» DATASET EXCERPT:
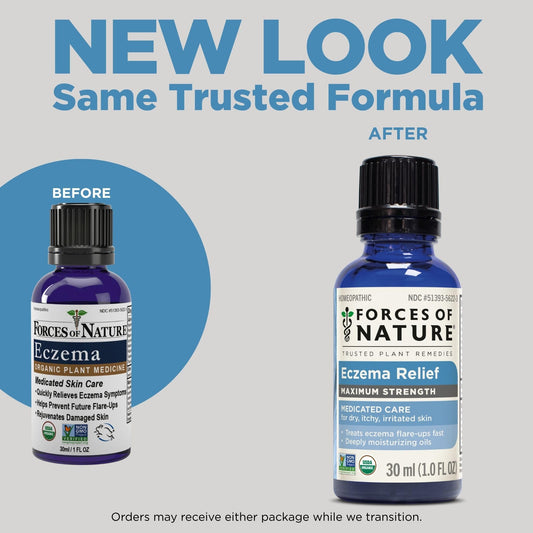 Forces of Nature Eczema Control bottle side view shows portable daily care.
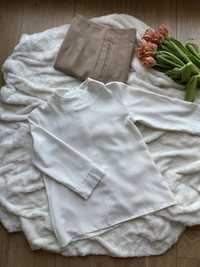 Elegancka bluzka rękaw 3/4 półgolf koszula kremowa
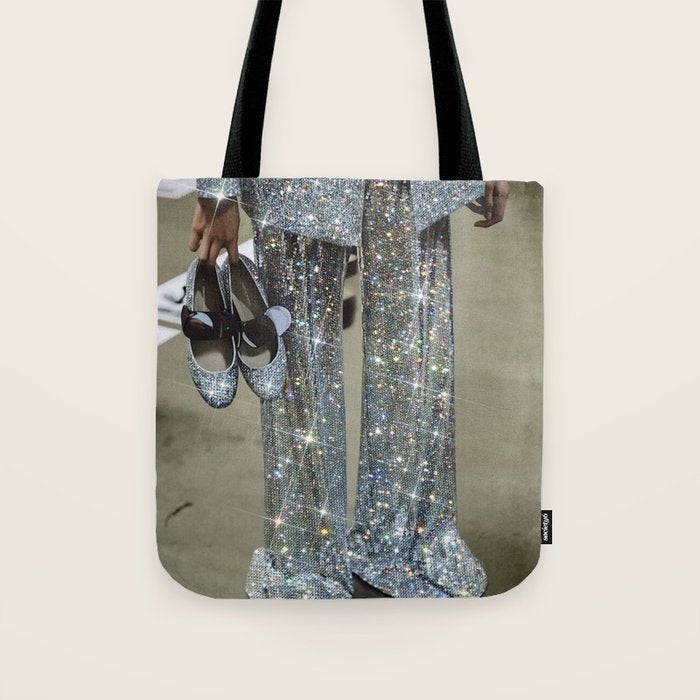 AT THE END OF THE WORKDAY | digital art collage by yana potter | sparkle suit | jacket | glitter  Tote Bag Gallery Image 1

» EXERCISE AIM:
With the pictures omitted, give every line above again exactly.

» EXERCISE RESPONSE:
 Forces of Nature Eczema Control bottle side view shows portable daily care.
 Elegancka bluzka rękaw 3/4 półgolf koszula kremowa
 AT THE END OF THE WORKDAY | digital art collage by yana potter | sparkle suit | jacket | glitter  Tote Bag Gallery Image 1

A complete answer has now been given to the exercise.